AequeVox
Replication Package for AequeVox:Automated Fariness Testing for Speech Recognition Systems
README under development.
Python Packages Required
- numpy
- scipy
- math
- librosa
- random
- time
- json
- threading
- re
- nltk
ASR Specific Packages
Google Cloud
- speech
- Storage
Microsoft Azure
- Azure.cognitiveservices.speech
IBM Cloud
- ibm_watson
- ibm_watson.websocket
- Ibm_cloud_sdk_core.authenticators
The code is separated into 2 sections, Generation and Analysis.
Generation:
transGen.py
- Lists all transformation types and magnitudes to be used. Can be modified as necessary.
- Requires the specification of file names of all the original speech files.
Generates transformed speech files with form {Original File Name}{Transformation Type Abbreviation}{Magnitude of Transformation Parameter, theta}.wav
List of Abbreviations.
- A - Amplitude
- C - Clipping
- D - Drop
- F - Frame
- HP - Highpass
- LP - LP
- N - Noise
- S - Scale
GCP_Recog.py
Requires Google cloud client libraries and associated keys.
Takes a group name and the list of all original files in the group to generate transcripts.
MS_Recog.py
Requires Microsoft Azure client libraries and associated key and region.

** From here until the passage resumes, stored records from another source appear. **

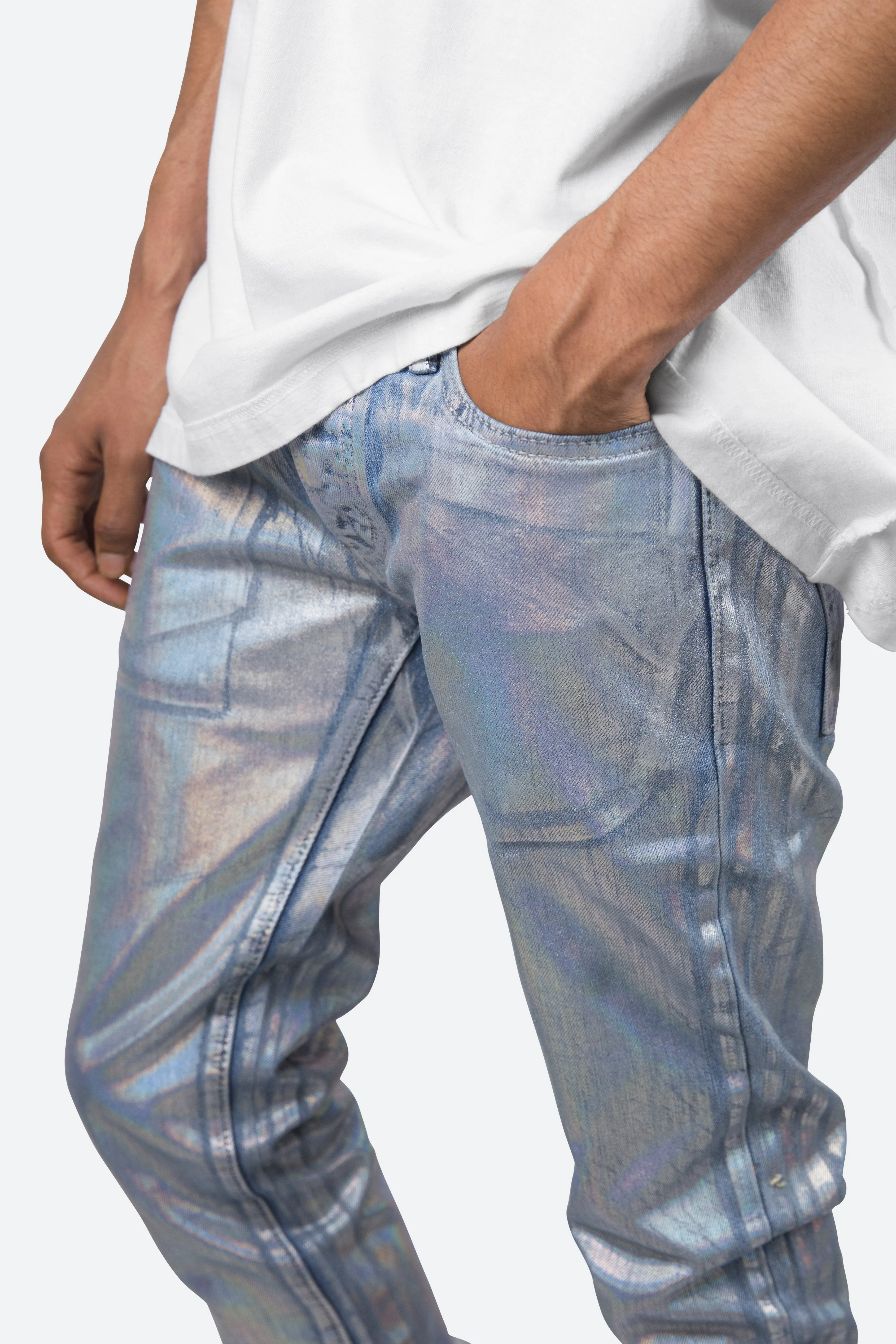 M309 Denim - Blue
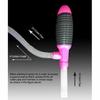 Portable Fuel Pump Manual Oil Suction Tube Fuel Siphon Pump Car Accessory  Liquid Suction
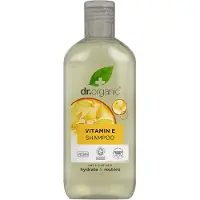 Dr Organic Vitamin E Shampoo 265ML -
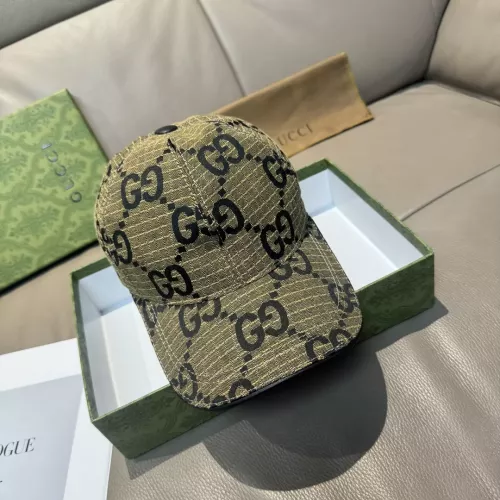 Gucci Caps #1332595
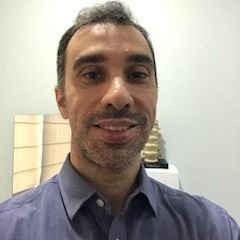 Dr. Daniel Goncalves Machado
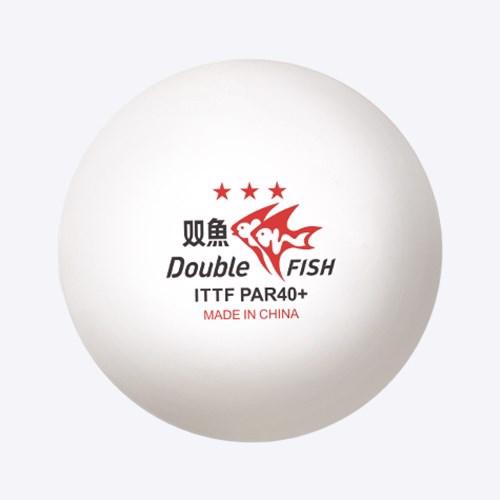  Double Fish - OL ITTF PAR40+ ***, 6 stk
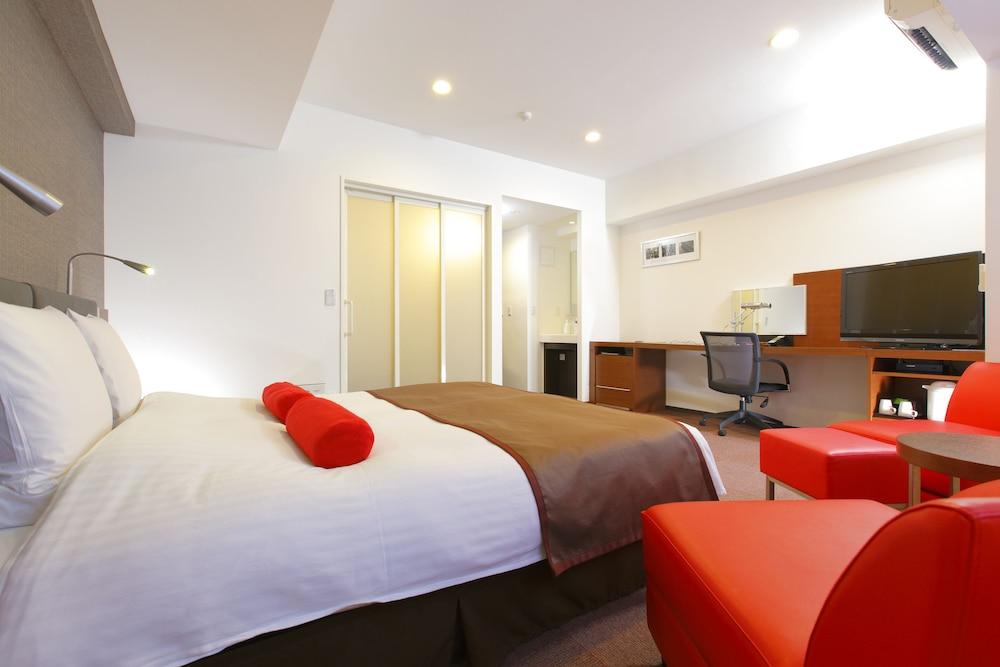 Fotos del hotel - HOTEL MYSTAYS Asakusa-bashi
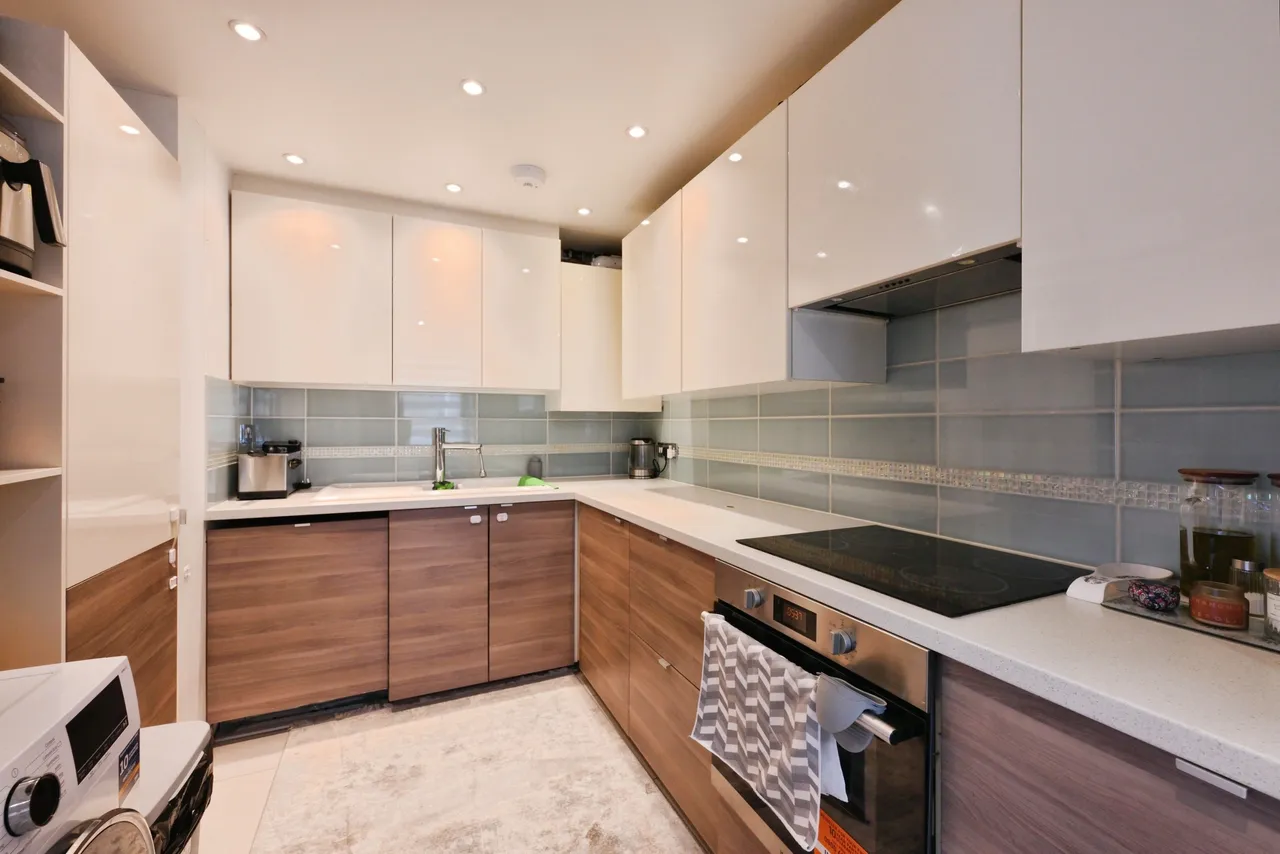 Foundry Gate, Waltham Cross, EN8, photo 12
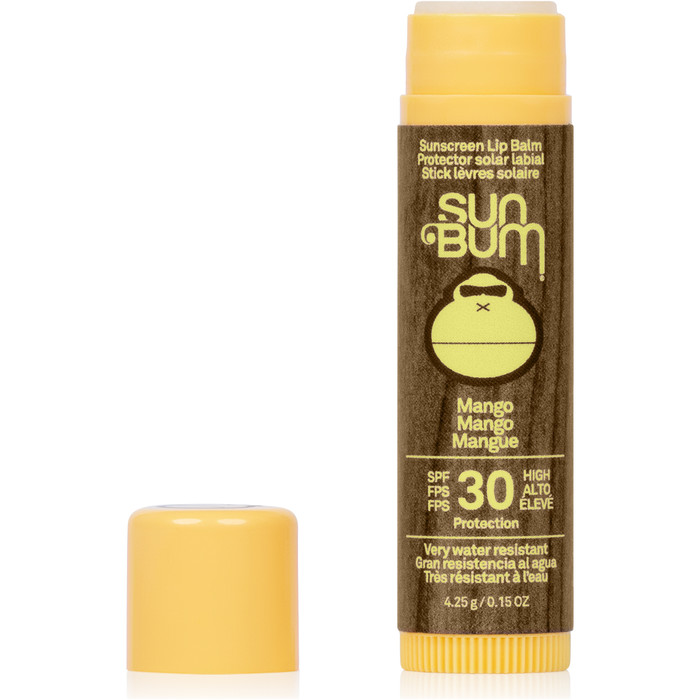 2024 Sun Bum Original Blsamo Labial CocoBalm 30 SPF 4.25g SB338796 - Mango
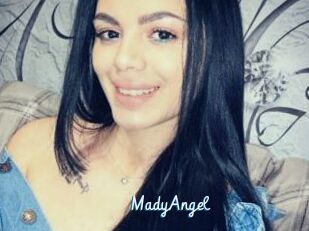 MadyAngel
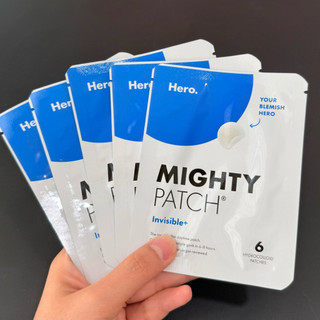 Miếng dán HERO Cosmetics Mighty Patch
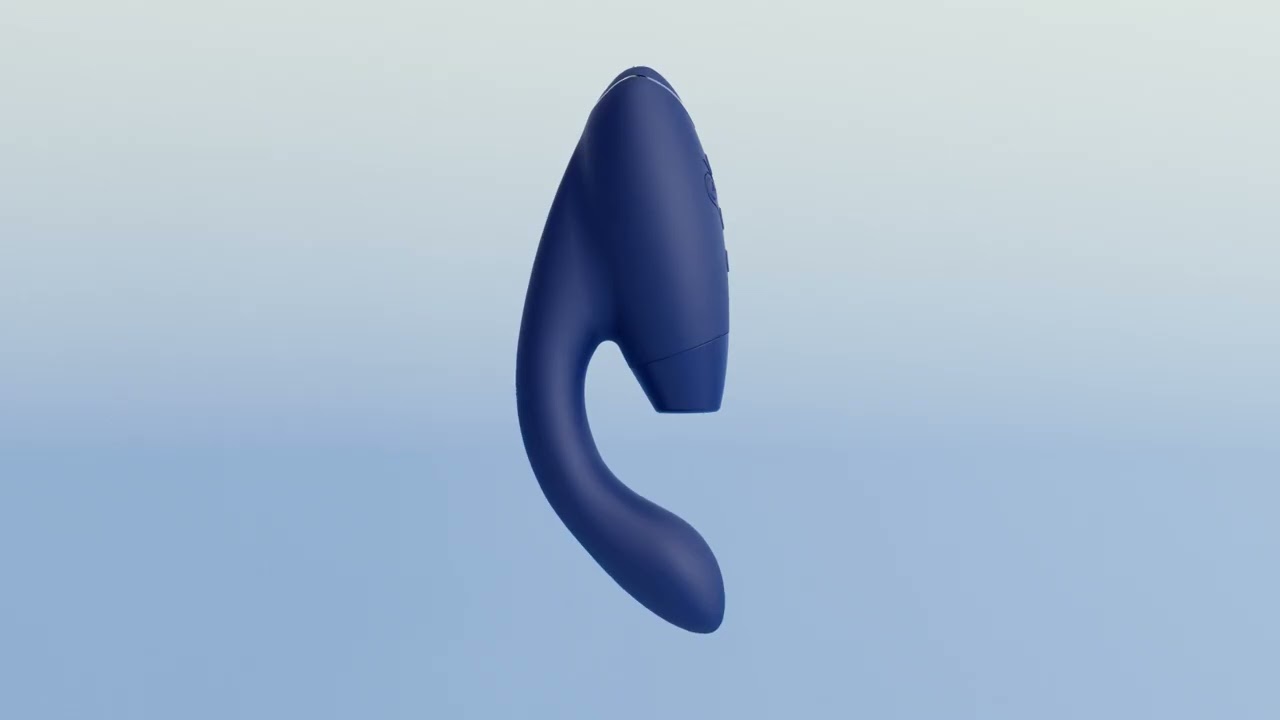 Womanizer Duo 2｜amorana.ch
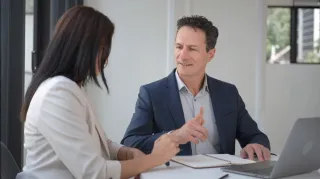 How to Spot a Great Business Coach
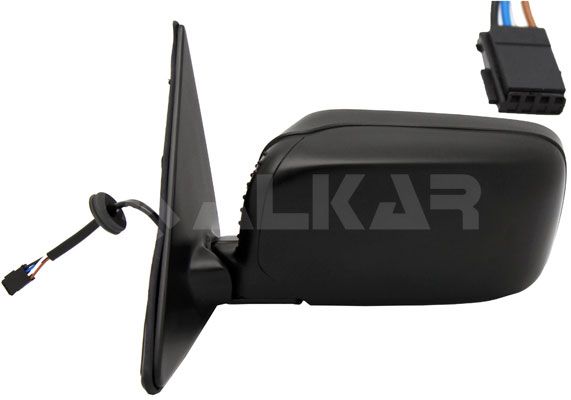 Дзеркало ALKAR 6125485 - zapix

Takes a group name and the list of all original files in the group to generate transcripts.
IBM_Recog.py
Requires IBM client libraries and associated key and service URL..
Takes a group name and the list of all original files in the group to generate transcripts.
compASR.py
Takes the names of two ASR systems and group names to generate a distance metric. Result yields text files with distance metrics for specified groups.
Users are requested to use the distance metrics to calculate the D values for each transformation.